The other big benefit is security. At the moment, to take control of the Bitcoin or Ethereum blockchain an attacker needs 51% of the total computing power used to mine the currency. Rough estimates put the cost of this at $5-10bn. To attack a proof-of-stake blockchain would require buying up and staking half of all tokens, which would cost around $20bn.

Some think these benefits will come at the cost of centralising power, since under proof-of-stake big holders reap more rewards, increasing their holdings further. But, says Ben Edgington of ConsenSys, the blockchain-software firm, this argument is wrong-headed. Small stakes will earn less than big stakes, but they will hold the same percentage of total outstanding tokens through time, meaning their relative power will not increase. With proof-of-work there are also returns to scale from building huge mining rigs, which are more efficient. “There is no way someone could set up a competitive at-home mining rig,” notes Mr Edgington.

Another risk is that the transition fails in some way, which could undermine public support. Mr Lubin, Ethereum’s co-founder, is unperturbed. He says “there has just been so much testing that I think the blockchain elements will go perfectly smoothly.” The only potential missing link in the transition, Mr Edgington thinks, is the wider community. Given the complications in installing new components, and the need to get to grips with a new way of working, some participants may be lost. But there will only be problems if more than 40% are, and that is unlikely, he says. Applications, such as exchanges, that run on top of the blockchain may, though, experience some hiccups. Major software updates reveal all kinds of bugs in previously sound-looking code. Important DeFi apps, like Aave, a lending platform, are readying themselves by suspending transactions in ether over the merge period.

If all goes smoothly, the merge will be a step towards a much more useful technology. Many of the financial applications that operate on top of the blockchain are extremely efficient, in part because they automate the functions of a financial system. Smart-contracts automatically match buyers and sellers or borrowers and lenders at an exchange. An imf paper found that the marginal costs of financial intermediation by DeFi apps were about a third as much as rich-country banks and a fifth of emerging-market banks. But the efficiency for users is hampered by how slow and expensive using the Ethereum blockchain can be. At times when the network is busy the charges to have transactions recorded, called “gas fees”, can spike to as much as $100 for a single transaction.

Upgrades after the merge are mostly aimed at improving scale and efficiency. In July, at an Ethereum conference in Paris, Mr Buterin joked that the path for the blockchain is first to “merge”, and then “surge”, “verge”, “purge” and “splurge.” The surge, next on the list, refers to “sharding”, which is the process of splitting a database into pieces to spread the load. This will allow the blockchain to process many more transactions and should reduce the fees required to use it. ”Ethereum today can process about 15-20 transactions a second. This Ethereum…it’s going to be able to process 100,000 transactions a second,” Mr Buterin proclaimed.

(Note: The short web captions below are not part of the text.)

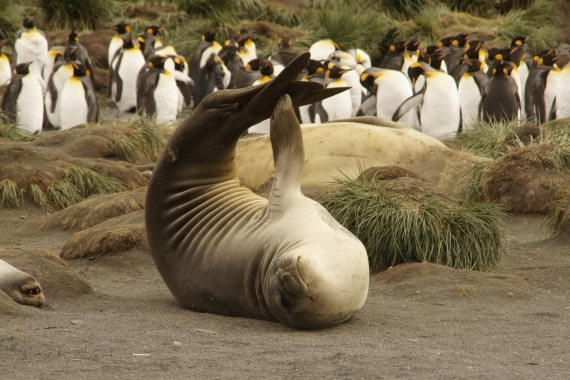 stretching exercise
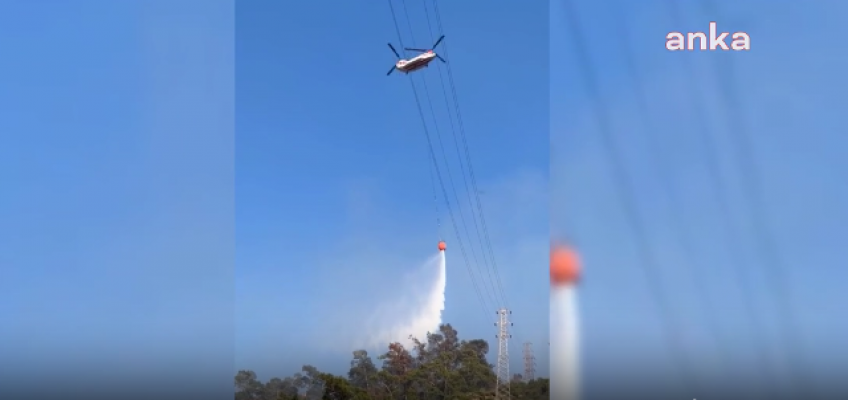 Muğla Valiliği: Marmaris'te Çıkan Orman Yangını Kontrol Altına Alındı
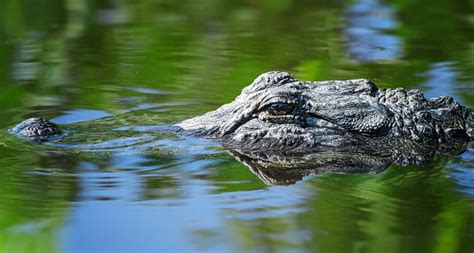 Two Orange Alligators Spotted In South Carolina Insidehook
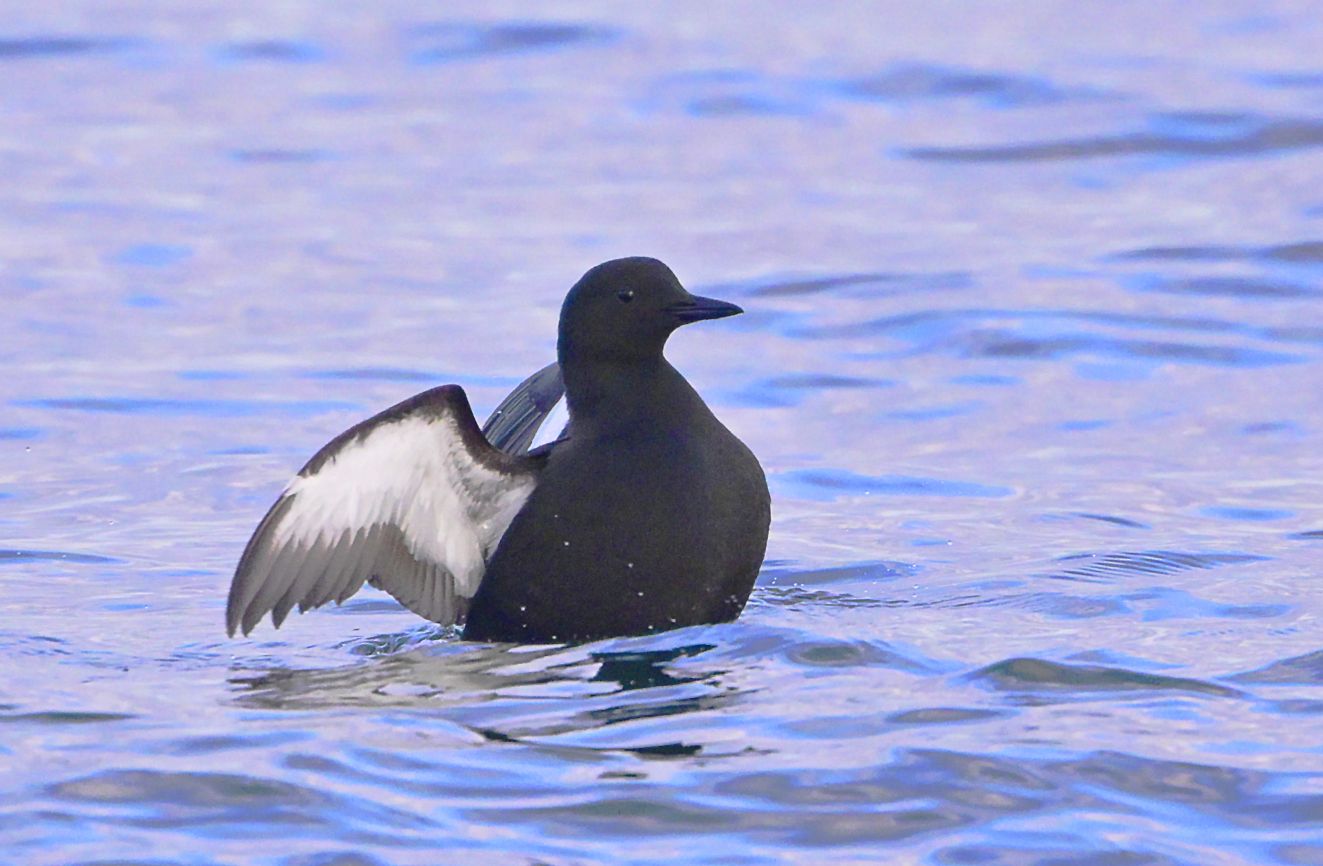 190426tejstundervingeet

The verge will implement a new kind of mathematical proof known as “Verkle trees” and make “stateless clients” possible. That will mean someone can run the software to operate a node without having to store the entire “state” of the blockchain, which is an enormous amount of data. The purge will remove old data on the blockchain’s history. The splurge is “all of the other fun stuff”, which could be anything that Mr Buterin and the cryptoheads fancy. A successful merge is the first step on the path towards all of these changes. It would prove that decentralised groups of people can do risky, contentious and important things. Time to find out if they can.